┌──

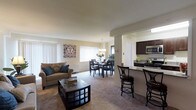 This single-floor residence offers an open-concept floor plan that seamlessly connects the living, dining, and kitchen areas into one cohesive and functional space. The living area features plush carpeting and is filled with natural light streaming through large windows dressed with vertical blinds, creating a bright and welcoming atmosphere. A comfortable seating arrangement anchors the space, complemented by a classic coffee table with built-in shelving.

The dining area sits centrally within the open layout, illuminated by an elegant chandelier that adds a refined touch to the space. It flows naturally from the living room, making it ideal for entertaining and everyday living.

The kitchen is designed with dark espresso-toned cabinetry, granite-style countertops, and stainless steel appliances, offering both style and practicality. A breakfast bar with bar stool seating provides a casual dining option and serves as a natural divider between the kitchen and the main living area.

Throughout the space, warm neutral wall tones and consistent flooring choices create a harmonious and inviting ambiance. The thoughtful open layout maximizes the sense of space, making this residence feel spacious, airy, and move-in ready.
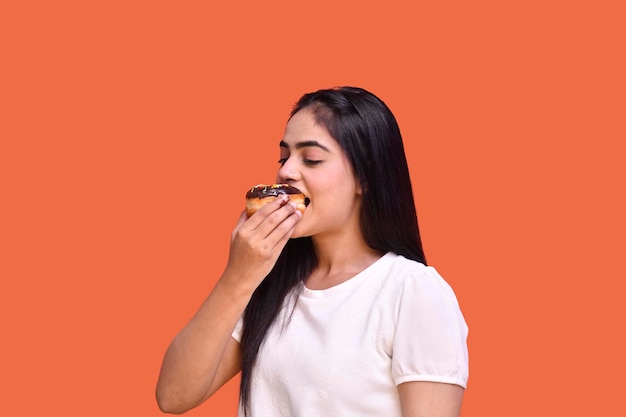 foodie girl wearing white t-shirt et manger du chocolat dount indain modèle pakistanais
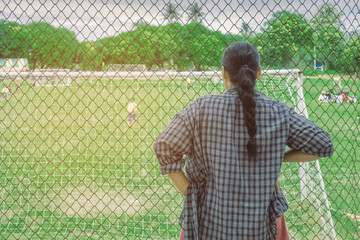 Back view of female parent cheering children playing football in school.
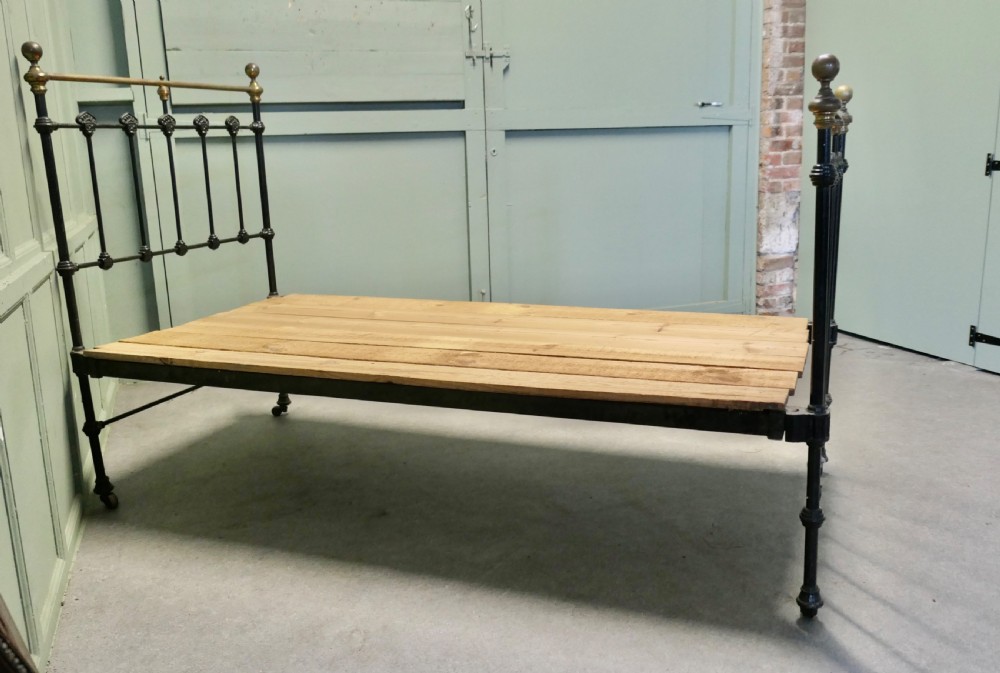 A Victorian single bedstead featuring a black painted iron frame with vertical spindles, brass top rails, brass finials, and a wooden slate base. View III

└──

Verbatim transcription needed, from the opening line of the entries above through the line containing "The dining area"; pictures do not belong in it.

 This single-floor residence offers an open-concept floor plan that seamlessly connects the living, dining, and kitchen areas into one cohesive and functional space. The living area features plush carpeting and is filled with natural light streaming through large windows dressed with vertical blinds, creating a bright and welcoming atmosphere. A comfortable seating arrangement anchors the space, complemented by a classic coffee table with built-in shelving.

The dining area sits centrally within the open layout, illuminated by an elegant chandelier that adds a refined touch to the space. It flows naturally from the living room, making it ideal for entertaining and everyday living.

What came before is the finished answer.